Release 0.15.1 · dathere/qsv-dateparser

Performance: parse-dispatch optimization

Speeds up Parse::parse on its hot path — the failed parse attempts that dominate qsv stats --infer-dates on non-date columns, where every value previously ran the full regex is_match chain before failing. Four behavior-preserving changes:

Structural byte pre-filter (cannot_be_date, backed by a 256-entry DATE_BYTE lookup table). Any input containing a byte that cannot appear in an accepted format (_, #, non-ASCII, etc.) returns Err immediately, skipping the regex chain.
Dispatch reorder — the cheap regex-gated families run first; the two parsers without a family regex gate (unix_timestamp, rfc2822) move last. Result-preserving: floats match no family gate (so still reach unix_timestamp), and rfc2822 inputs always carry a timezone that the $-anchored month_dmy_* regexes reject — while month_dmy_* only succeeds without a timezone, which makes rfc2822 fail. The two are mutually exclusive.
unix_timestamp first-byte gate — bail before fast_float2::parse unless the first byte is one of digit + - . i I n N (the only leads fast_float2 accepts; it rejects leading whitespace).
rfc2822 colon gate — every RFC 2822 datetime has a time-of-day, so colon-free inputs can't be rfc2822; skip parse_from_rfc2822 for them.
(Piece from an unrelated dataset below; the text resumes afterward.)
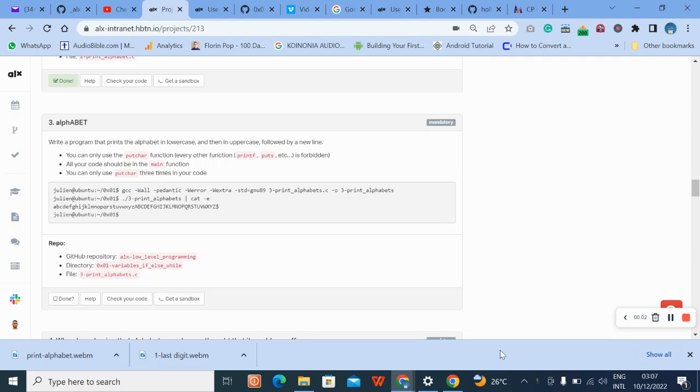Hello, welcome to number three question of C variable if, else and while loop question.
Benchmarks (M4 Max, release, 1000 values/iter)

path	0.15.0	0.15.1	change
non-date strings, `parse_failures` (`category_value_N`)	125 µs	60 µs	−52%
genuine ISO datetimes, `parse_throughput`	398 µs	370 µs	−7%
non-date words, `parse_word_failures`	133 µs	127 µs	−5%
accepted-formats mix, `parse_all`	8.2 µs	7.9 µs	−4%

Correctness

No public API change and byte-identical parse results — verified three ways:

All 26 unit tests + 6 doctests pass (doctests cover the full accepted-formats and DMY lists). New prefilter_rejects_non_date_strings regression test pins the pre-filter (rejects junk; still accepts every separator a real date uses, plus the bare inf/nan the unix-timestamp path accepts).
Integration: qsv stats output is byte-identical before/after on a mixed-format dataset, and qsv's full cargo test stats -F all_features suite passes (752 passed, 0 failed) against this release.

Why it matters for qsv

qsv stats --infer-dates (and, via the stats cache, frequency, schema, tojsonl, sqlp, joinp, pivotp, describegpt) parse dates through this crate. Genuine date-typed columns infer ~3% faster at the qsv level; non-date columns are unaffected. (Integration profiling showed the larger remaining --infer-dates overhead on non-date-heavy data lives in qsv's own sniff step, not this crate — tracked for follow-up on the qsv side.)

Dev-only

Added parse_failures and parse_word_failures benches for the failure hot paths.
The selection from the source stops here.